On Wednesday night of New York Fashion Week, Public School returned to the runway after a seven-year hiatus. Just before the show got underway, Dao-Yi Chow and Maxwell Osborne—the homegrown NYC brand’s founders and designers—remarked that they were feeling surprisingly calm. “I guess that's what you get for being old, being the OGs,” Chow joked.
It’s hard to overstate how big of a deal Public School was in a certain era of 2010s men’s fashion. Chow and Osborne, who met at Sean John in the aughts, were clothes-obsessed and stylish, and they made gear for the emerging street-style Tumblr economy, fusing the casually layered sensibility of NYC streetwear with avant-garde influences from European designers like Raf Simons.
This fit-pic-forward aesthetic struck a chord, and Public School got picked up by just about every important department store, and the well-liked Chow and Osborne hoovered up industry accolades, winning the 2013 CFDA/Vogue Fashion Fund, the 2014 CFDA menswear prize, and the 2015 international Woolmark Prize, among others. They released a series of red-hot Jordan collaborations and did a stint as creative directors of DKNY when it was still owned by LVMH. Chow and Osborne were the next-gen faces of men’s fashion in the city where they came up (“Public School” is a nod to their NYC educations).
And then around 2018, Public School quietly closed its doors. There was no formal announcement or dramatic blowup. As was the case for many men’s brands of that time, the business simply didn’t match the hype. Fashion moved on, and Chow and Osborne spun out to other creative projects.
But the duo evidently did not move on entirely. “It felt like a matter of when we were going to come back and show,” Osborne said backstage. They explained the decision to relaunch in 2026 as an instinctual or political one, rather than a new business case.
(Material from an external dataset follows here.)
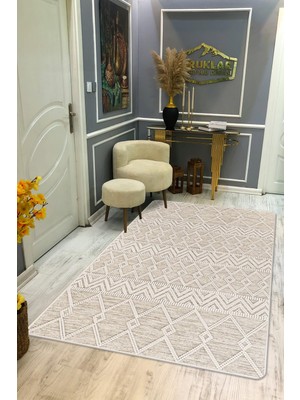 Kaymaz Tabanlı Yıkanabilir Leke Tutmaz Kilim Desenli Salon Halısı Dot Taban Halı KDH23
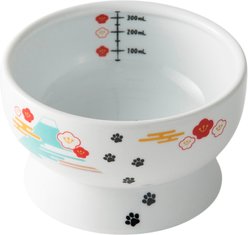 Necoichi Ceramic Elevated Cat Water Bowl, Fuji, 12.2-oz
“There’s an urgency to the times that we’re living in,” said Chow, whose T-shirt bore a logo for the “U.S. Department of Homeland Insecurity.” “You open your phone, some crazy shit is always happening. And so this is really about, what do we want to wear now? And we wanted to make sure that you felt that sort of urgency and intentionality and resilience and resistance as only you would feel here being here in New York City.”
Speaking of the times we’re living in: Chow and Maxwell have launched a Public School Substack where they promise to document the rebuilding process. But there were elements of the reboot that felt fascinatingly nostalgic. I never attended a Public School show during the label’s glory days, but I imagine it would have felt similar to the scene on Wednesday night, where 1 OAK rainmaker Richie Akiva’s phone was blowing up in the front row and “Losing My Edge” carried the show soundtrack. Many models wore Nike ACG boots customized with closures lifted from the #menswear staple double-monkstrap derbies.
The clothes, however, felt refreshingly current. There was nothing revolutionary, besides the models’ black Gigi Burris berets, dark Moscot sunglasses, and fingerless black leather gloves. (“They’re going to war, but they’re going to war in style,” Chow noted.) But there were plenty of garments that struck a timely balance of easy formality. You could picture the Public School customer, a bit older and wiser, salivating over a cropped, wide-shouldered wool blazer, or any of the several leather hoodies and anoraks. Or perhaps the kimono-like wool blouson, or the banker button-up shirt that Chow and Maxwell inverted, giving it a blue collar rather than white.
Of course, there are mountains of smart clothes out there right now, especially for the streetwear graduate seeking out a more polished—but no less leisurely—wardrobe. The spark that Public School had back in the day was it felt like Chow and Maxwell were tapping into unexplored style territory. The new Public School is wearable and now, but what will Chow and Maxwell do to re-establish themselves as the arbiters of what’s next?
Speaking backstage, Chow said, “We don't know what's going to happen a year from now, two months from now, tomorrow.” He was speaking of our unsettled current moment, but he might as well have been previewing where they’re planning to go from here.